We did not have a validated questionnaire for erectile dysfunction and symptoms of hypogonadism. Therefore, we cannot comment on the frequency of symptomatic hypogonadism in our study. It has been shown in the past that a high percentage of diabetic men with low testosterone concentrations have symptomatic hypogonadism (3
). Lower testosterone concentrations are inversely related to visceral adiposity (3
). However, waist circumference or body composition imaging was not available in our study. Another limitation of our study is that the subjects were not required to be fasting when providing blood samples. It has recently been shown that an oral glucose load of 75 g can acutely lower total testosterone concentrations by 25% (23
). However, in a prior analysis of these data, no difference was found in total testosterone concentrations from blood samples drawn between 8 a.m.
and 10 a.m.
vs. 10 a.m.
and 12:00 p.m.
In conclusion, 40% of obese nondiabetic men, aged ≥45 years have subnormal free testosterone concentrations; 26% of normal-weight nondiabetic men and 44% of normal-weight diabetic men had subnormal free testosterone concentrations.
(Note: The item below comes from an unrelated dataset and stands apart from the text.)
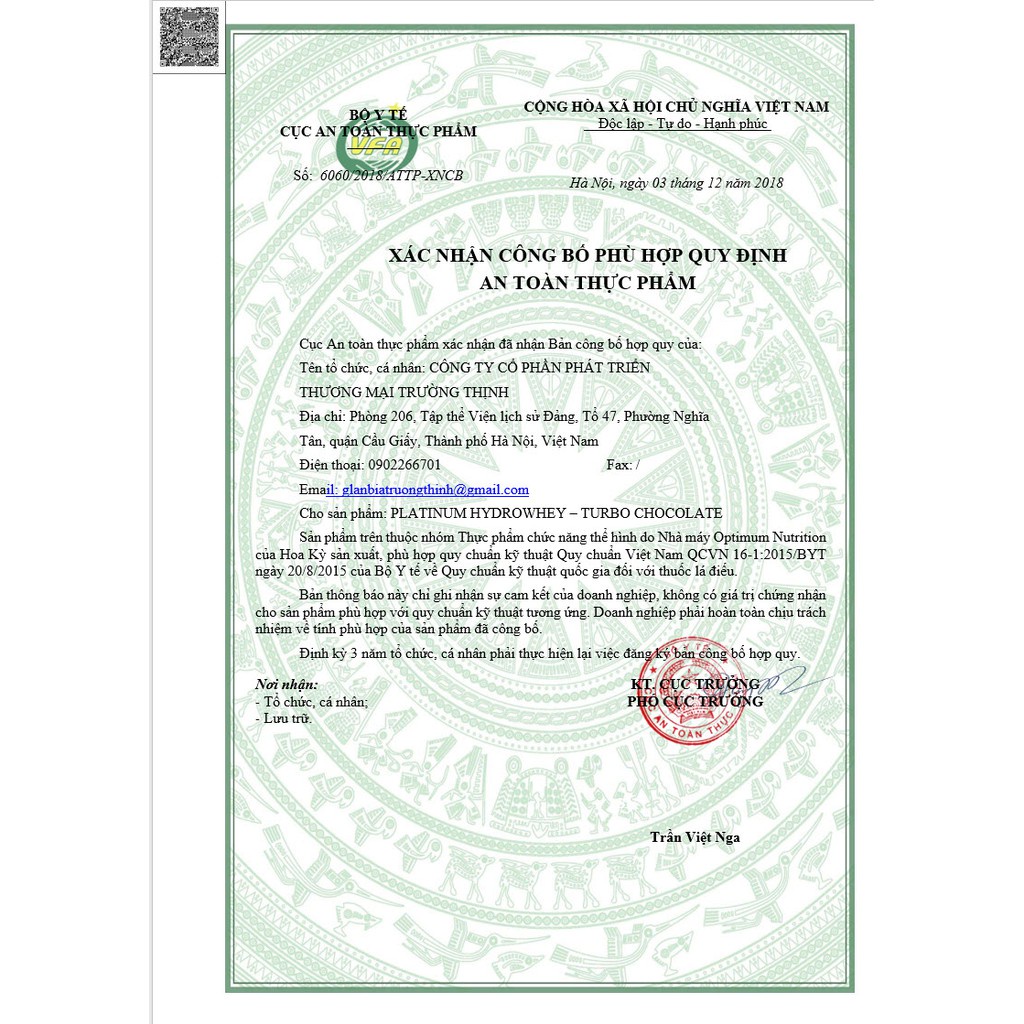 PLATINUM HYDRO WHEY - Sữa tăng cơ - WHEY SIÊU TINH KHIẾT HẤP THỤ CỰC NHANH  - Hàng Chính Hãng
The combination of obesity and diabetes increases the prevalence of subnormal free testosterone concentrations to 50%. Thus, both obesity and diabetes appear to exert independent effects on the prevalence of low free testosterone concentrations in addition to age. In view of the high rates of prevalence of subnormal free testosterone in patients with obesity or diabetes, concentrations of free testosterone should be measured in these populations especially when these conditions occur concomitantly.